Berita
Lima Tahun Terusir dari Kampung Sendiri
Jakarta – Ali Murtadha alias Tajul Muluk, mewakili pengungsi Muslim Syiah Sampang menghadiri undangan Kongres Nasional Kebebasan Beragama dan Berkeyakinan di Balai Kartini Jakarta, Kamis (16/3). Kongres juga dihadiri Menteri Agama, Kapolri, dan beberapa pejabat lainnya. Tajul Muluk bersama beberapa komunitas korban intoleransi lainnya, hadir untuk memberikan testimoni dalam Kongres yang diselenggarakan Komnas HAM ini.
Informasi lebih lengkap tentang pengungsi Sampang disampaikan Tajul Muluk melalui rilis siaran pers yang dibagikan panitia Kongres bersama data laporan KBB Komnas HAM.
Dalam rilis Tajul Muluk sampaikan: Pada Agustus 2012, kami diusir dari rumah kami sendiri di Kabupaten Sampang, setelah sekelompok massa anti-Syiah menyerang. Kemudian kami tinggal di penampungan sementara, di gelanggang olahraga tak layak huni, di Sampang, Jawa Timur.
Hampir setahun di penampungan, kami kembali terusir. Tepatnya 20 Juni 2013, pengusiran kedua kami alami. Dari penampungan kami dipaksa pergi, dan akhirnya diungsikan ke Rusun Jemundo Sidoarjo hingga kini.
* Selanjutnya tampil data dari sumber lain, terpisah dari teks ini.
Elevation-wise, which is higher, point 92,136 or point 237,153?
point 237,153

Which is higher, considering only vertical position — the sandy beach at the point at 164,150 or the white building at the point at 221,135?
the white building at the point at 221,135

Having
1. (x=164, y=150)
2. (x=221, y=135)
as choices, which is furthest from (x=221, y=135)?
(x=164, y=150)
Selama kurun waktu 5 tahun menjadi pengungsi di negeri sendiri, kami belum melihat ada upaya serius dari aparat Negara. Pergantian rezim Susilo Bambang Yudhoyono ke Joko Widodo tidak lantas menjadikan nasib kami lebih baik. Meski sebelumnya, harapan kembali terbuka ketika Menteri Agama Lukman Hakim pada bulan Agustus 2014, datang ke Rusun Jemundo. Pak Menteri sempat memberikan harapan kepada pengungsi untuk bisa pulang. Menurutnya, tak ada masalah yang tak bisa diselesaikan. “Saya pribadi bisa berkata, saya optimis bisa menyelesaikan masalah ini, karena ada keinginan yang kuat dari pengungsi untuk pulang. Saya justru sedih jika pengungsi pesimis untuk bisa pulang,” ucapnya. Beliau sempat berjanji akan membuat road map terkait penyelesaian kasus Syiah Sampang ini. Faktanya, beliau kembali terpilih menjadi Menteri Agama dalam Kabinet Kerja, dan sampai saat ini sudah 3 tahun Jokowi berkuasa belum ada upaya serius menyelesaikan masalah yang kami hadapi.
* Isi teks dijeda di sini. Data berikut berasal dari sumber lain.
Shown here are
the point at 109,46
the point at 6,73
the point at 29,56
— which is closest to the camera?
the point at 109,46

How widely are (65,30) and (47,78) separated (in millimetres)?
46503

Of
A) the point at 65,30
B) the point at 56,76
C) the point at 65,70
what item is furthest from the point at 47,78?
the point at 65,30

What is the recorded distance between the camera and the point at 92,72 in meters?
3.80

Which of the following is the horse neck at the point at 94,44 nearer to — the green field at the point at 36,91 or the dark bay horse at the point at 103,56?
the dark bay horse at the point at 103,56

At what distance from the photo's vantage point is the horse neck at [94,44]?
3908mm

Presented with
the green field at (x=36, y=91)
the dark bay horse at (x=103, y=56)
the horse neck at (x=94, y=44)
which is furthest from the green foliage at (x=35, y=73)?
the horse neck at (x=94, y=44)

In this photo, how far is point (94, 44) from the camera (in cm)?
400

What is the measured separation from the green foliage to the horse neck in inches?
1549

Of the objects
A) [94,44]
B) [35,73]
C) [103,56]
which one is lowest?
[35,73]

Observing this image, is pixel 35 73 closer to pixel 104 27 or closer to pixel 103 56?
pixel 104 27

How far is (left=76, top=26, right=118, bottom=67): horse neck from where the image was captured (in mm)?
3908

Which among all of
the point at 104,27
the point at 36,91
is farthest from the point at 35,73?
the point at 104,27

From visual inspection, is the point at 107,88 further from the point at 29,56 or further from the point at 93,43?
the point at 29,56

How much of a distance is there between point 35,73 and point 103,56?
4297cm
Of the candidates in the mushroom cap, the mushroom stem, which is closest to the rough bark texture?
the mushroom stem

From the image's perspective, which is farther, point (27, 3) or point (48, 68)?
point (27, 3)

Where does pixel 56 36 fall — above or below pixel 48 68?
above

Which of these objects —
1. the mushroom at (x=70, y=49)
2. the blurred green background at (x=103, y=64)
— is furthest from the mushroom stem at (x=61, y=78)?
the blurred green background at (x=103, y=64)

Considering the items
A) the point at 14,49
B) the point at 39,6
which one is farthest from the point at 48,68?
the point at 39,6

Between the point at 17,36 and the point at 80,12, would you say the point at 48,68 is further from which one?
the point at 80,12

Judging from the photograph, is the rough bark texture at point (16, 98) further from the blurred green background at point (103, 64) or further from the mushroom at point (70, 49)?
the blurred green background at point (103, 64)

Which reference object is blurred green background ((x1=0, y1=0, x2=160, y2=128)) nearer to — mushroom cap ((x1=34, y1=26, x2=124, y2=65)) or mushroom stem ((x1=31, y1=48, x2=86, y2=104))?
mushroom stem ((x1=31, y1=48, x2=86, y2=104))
Saat ini kami terdiri dari 81 kepala keluarga dengan jumlah 335 jiwa. Tinggal lama di Rusun Jemundo, tak membuat nasib kami membaik. Banyak di antara kami bertanya-tanya, kapan kami bisa pulang ke kampung dan kembali hidup bertani seperti dulu.
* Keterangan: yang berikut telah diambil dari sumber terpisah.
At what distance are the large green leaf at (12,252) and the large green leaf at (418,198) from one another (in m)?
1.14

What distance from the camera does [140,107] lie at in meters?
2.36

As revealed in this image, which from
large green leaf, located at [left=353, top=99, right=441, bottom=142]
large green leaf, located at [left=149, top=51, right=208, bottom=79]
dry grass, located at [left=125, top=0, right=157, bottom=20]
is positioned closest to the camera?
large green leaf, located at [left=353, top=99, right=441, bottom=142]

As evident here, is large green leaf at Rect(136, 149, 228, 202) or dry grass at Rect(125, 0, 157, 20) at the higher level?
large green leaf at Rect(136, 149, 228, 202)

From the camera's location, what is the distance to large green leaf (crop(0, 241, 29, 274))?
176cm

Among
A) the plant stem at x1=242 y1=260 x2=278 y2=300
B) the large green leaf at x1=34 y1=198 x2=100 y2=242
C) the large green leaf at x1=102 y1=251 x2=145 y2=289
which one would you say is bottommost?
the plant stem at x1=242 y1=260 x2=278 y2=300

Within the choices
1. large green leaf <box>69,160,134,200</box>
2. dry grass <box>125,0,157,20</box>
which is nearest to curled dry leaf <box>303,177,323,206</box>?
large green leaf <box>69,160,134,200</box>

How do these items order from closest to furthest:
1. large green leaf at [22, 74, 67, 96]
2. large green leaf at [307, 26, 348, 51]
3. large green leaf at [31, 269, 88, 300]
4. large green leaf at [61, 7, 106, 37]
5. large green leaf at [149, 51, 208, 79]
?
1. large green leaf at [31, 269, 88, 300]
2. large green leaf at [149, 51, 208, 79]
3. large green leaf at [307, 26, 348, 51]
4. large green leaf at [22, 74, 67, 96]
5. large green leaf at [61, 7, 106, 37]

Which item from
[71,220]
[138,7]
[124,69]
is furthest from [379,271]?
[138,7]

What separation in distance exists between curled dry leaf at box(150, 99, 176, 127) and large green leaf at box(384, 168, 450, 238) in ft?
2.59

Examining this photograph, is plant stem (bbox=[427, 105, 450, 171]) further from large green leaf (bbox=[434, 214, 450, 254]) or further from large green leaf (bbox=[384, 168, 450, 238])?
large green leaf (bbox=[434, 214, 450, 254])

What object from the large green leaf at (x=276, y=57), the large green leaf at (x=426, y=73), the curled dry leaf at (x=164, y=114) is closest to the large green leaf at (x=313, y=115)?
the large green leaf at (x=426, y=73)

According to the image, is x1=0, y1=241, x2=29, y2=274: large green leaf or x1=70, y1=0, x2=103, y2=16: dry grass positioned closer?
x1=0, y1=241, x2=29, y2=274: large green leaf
Berbagai upaya sudah kami lakukan untuk mendesak pemerintah agar segera menyelesaikan persoalan yang kami hadapi. Namun tak kunjung ada tindakan apapun. Meski pihak pemerintah dalam hal ini Pemprov Jatim memberikan jatah hidup 709.000,- perbulan. Bagi kami, ada yang jauh lebih penting dari sekadar jatah hidup yaitu tentang kepulangan kami ke kampung halaman.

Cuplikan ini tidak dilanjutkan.